Surescripts has moved to dismiss the Federal Trade Commission’s charge from earlier this year that it holds an illegal monopoly on the e-prescribing market.
WHY IT MATTERS
This past April, the FTC alleged that Surescripts “intentionally set out to keep e-prescription routing and eligibility customers on both sides of each market from using additional platforms (a practice known as multihoming) using anticompetitive exclusivity agreements, threats, and other exclusionary tactics.”
FTC said its suit aims to counter that outsized influence and competition in the marketplace and to provide “monetary redress to consumers.”
But in filing its motion to dismiss this past Friday, Surescripts countered that the agency’s charge should be tossed out, since it rests upon a several factual misreadings.
For example, FTC points to Surescripts’ contracts with Epic as an example of a loyalty provision, but the company asserts that its contract with the EHR vendors doesn’t an exclusivity requirement. Moreover, it says the FTC is incorrect when it claims that nearly all of Surescripts’ contracts with Epic customers also contain such requirements.

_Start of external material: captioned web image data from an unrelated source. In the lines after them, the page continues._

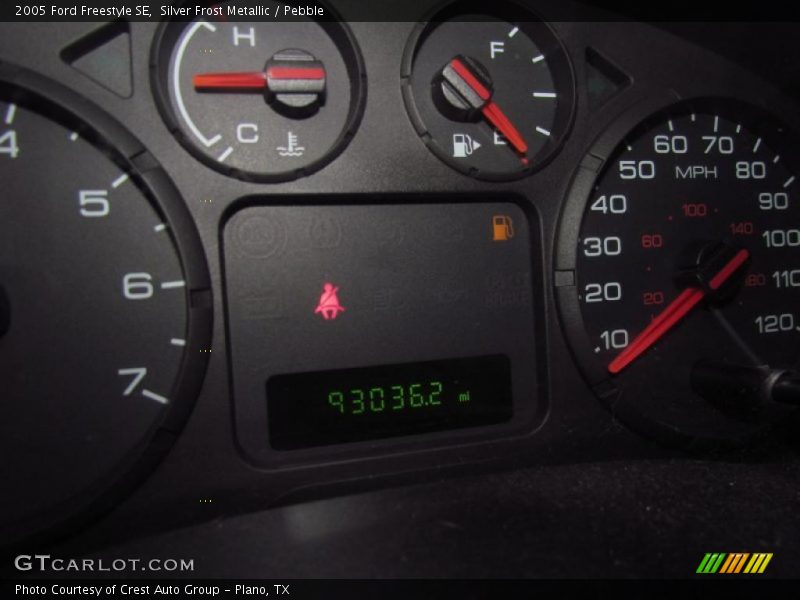 Silver Frost Metallic / Pebble 2005 Ford Freestyle SE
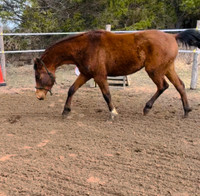 Qh x Arab prospect - Pending 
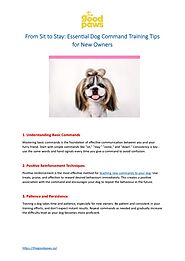From Sit to Stay Essential Dog Command Training Tips for New Owners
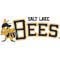 Salt Lake Bees Website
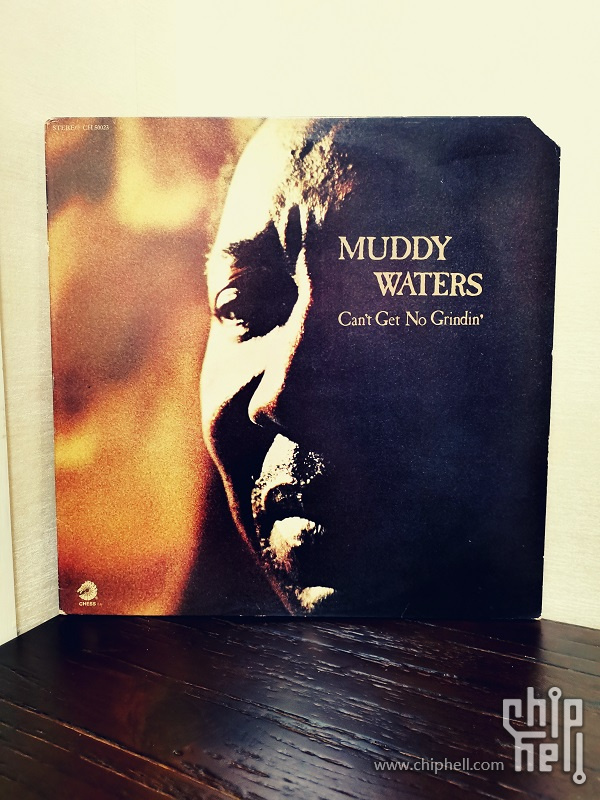 MuddyWaters1-7.jpg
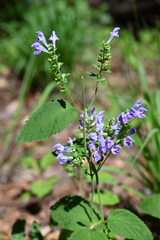 Scutellaria mellichampii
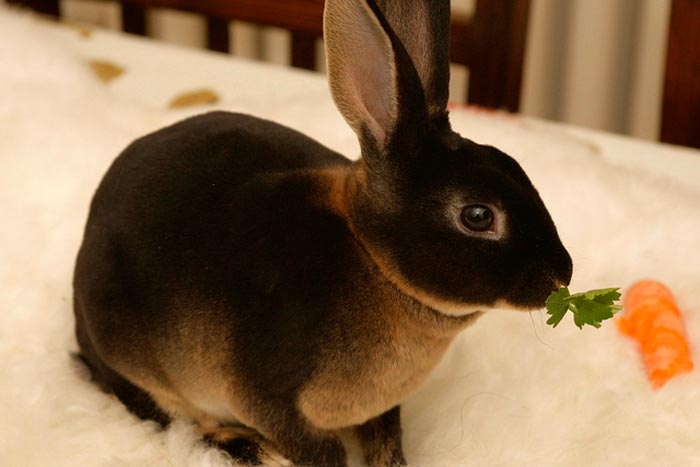 Кролики породи рекс: фото, опис, особливості догляду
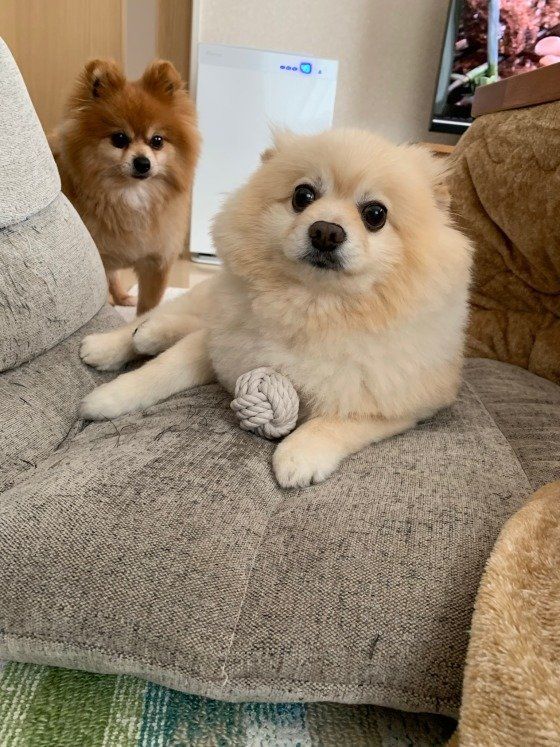 座椅子でくつろぐポメラニアン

FTC also says the e-prescribing vendor’s contracts have a penalty provision it claims would discourage EHR companies from using multiple networks or switching away from Surescripts, requiring that those vendors repay loyalty incentives that they’d previously earned. But Surescripts claims there is no such requirement for EHR vendors to return incentive payments earned following a notice of termination, and says and such companies are free terminate agreements with just six months’ notice.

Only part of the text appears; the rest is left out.